Stock vesting is one of the most famous ways a startup compensates its early employees and other key stakeholders at the building stage.
However, vesting may sometimes involve complex terms and conditions, which may or may not be understandable to a lot of employees. So, what are the key components of stock vesting in an African startup?
Not so long ago, the prevalent type of executive compensation was cash, in the form of salaries and bonuses. Now, the reverse is the case, with stock options taking a more prominent role in big corporations, especially startups.
They dominate the bulk of top level and early employee compensation, and oftentimes are even a requirement to acquire top talent. Steve Ballmer is the 9th richest person in the world, with a net worth of over $100billion, most of which comprise exercised stock options at Microsoft.

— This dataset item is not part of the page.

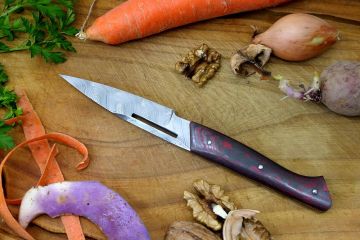 Couteau de cuisine office éplucheur deux en un acier damas inox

So, we know options can be a very rewarding compensation, especially if the startup reaches sky high valuations or IPOs/exits at a huge price. But, technicality and obscure terms may hinder this, and ruin those years of painstaking hard work in the hopes of a future windfall. In fact, startup employees have left an estimated $4.9 billion on the table by not exercising their pre-IPO stock options. The companies with the greatest number of unexercised stock options at the time of IPO included Snowflake, Airbnb, DoorDash, Unity, and Palantir. What do you need to know about stock vesting so you can secure your future and your hard work in the long term?

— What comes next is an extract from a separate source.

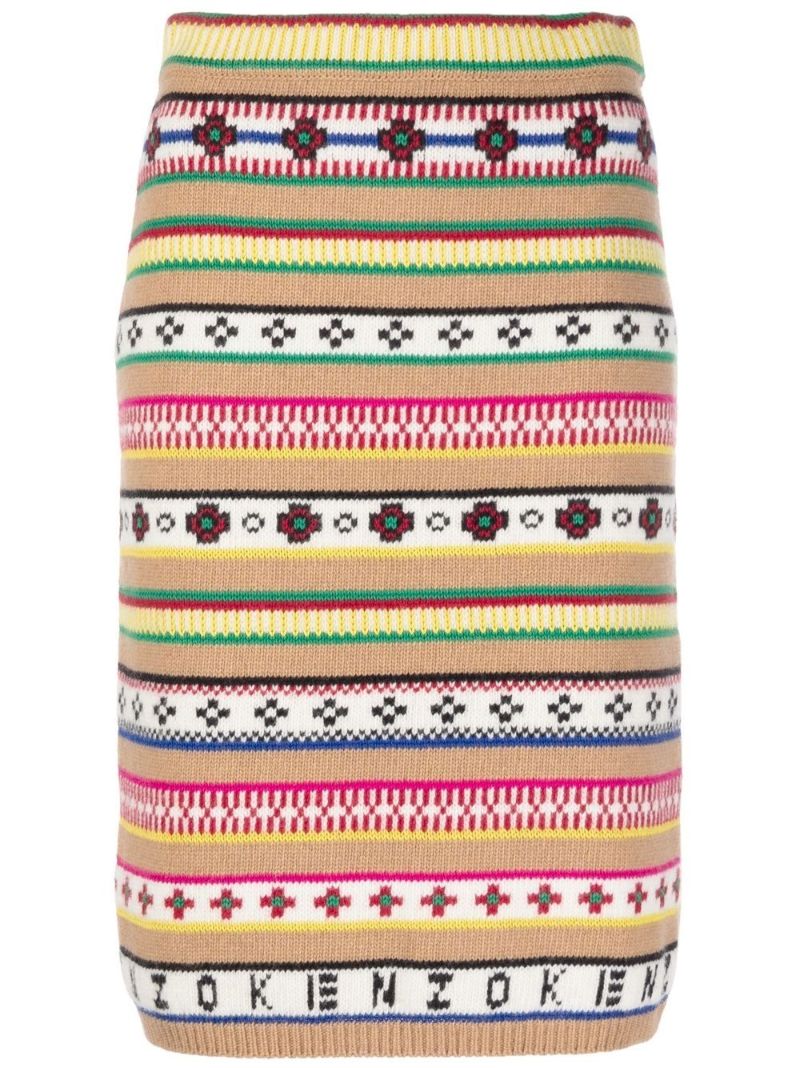 Neutral Fairisle Jacquard Stripe Skirt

Stock options and Startups
Startups are always in the market for top talent, and competitive monetary compensation may not always be enough to attract the best talent, especially as a lot would prefer a fairly stable career in well established industries. Options are a way for startups to remain competitive in the job market and attract top talent. It is also a way to reward early employees and make them stay incentivized to grow the company.

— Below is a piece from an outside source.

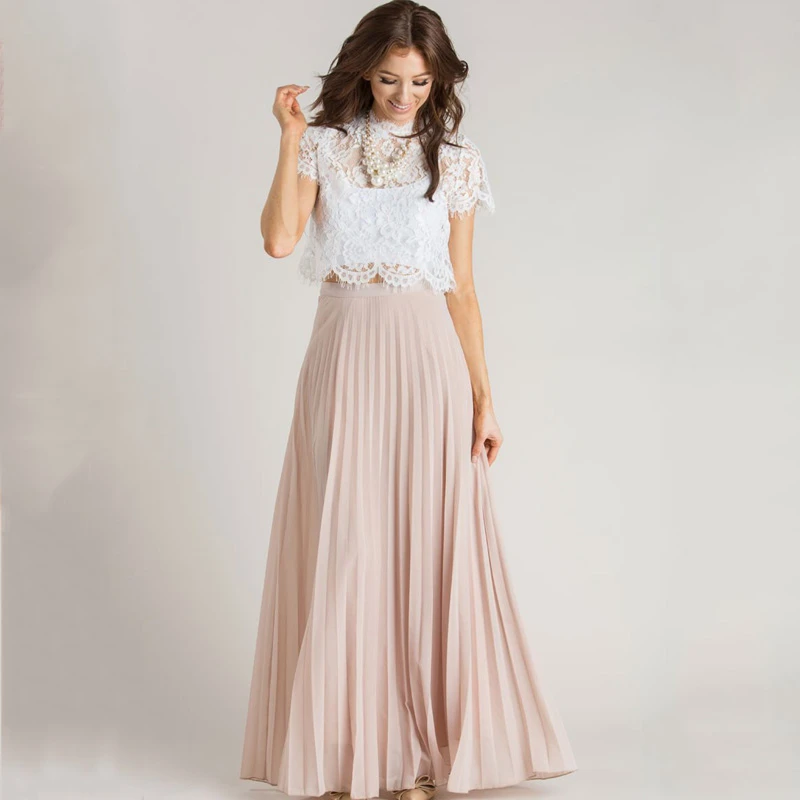 Dusty Pink Women Chiffon Maxi Skirts ...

It should be noted that stock options aren’t actual shares. They’re the opportunity to exercise (purchase) a certain amount of company shares at an agreed-upon price, called your grant, strike, or exercise price.
What you need to know
Whether as an employee or employer, it is imperative to understand how to value the equity given/received. Communicating effectively the value of the equity package in clear and concise terms may sometimes be difficult, especially since options are never as straightforward as salary packages.
Some important terms include
- The Premium: The stock option contract premium is the price per share paid by the stock option holder to the seller for the stock option contract.
- Strike price: Your strike price is the price at which you can buy your stock options (also known as exercising). It is the price that a stock option contract can be exercised. As a stock option holder, you use a strike price to lock in the future price of a stock. When you exercise the contract, the stock share will be bought (if you buy a stock call option) or sold (if you buy a stock put option) at the strike price.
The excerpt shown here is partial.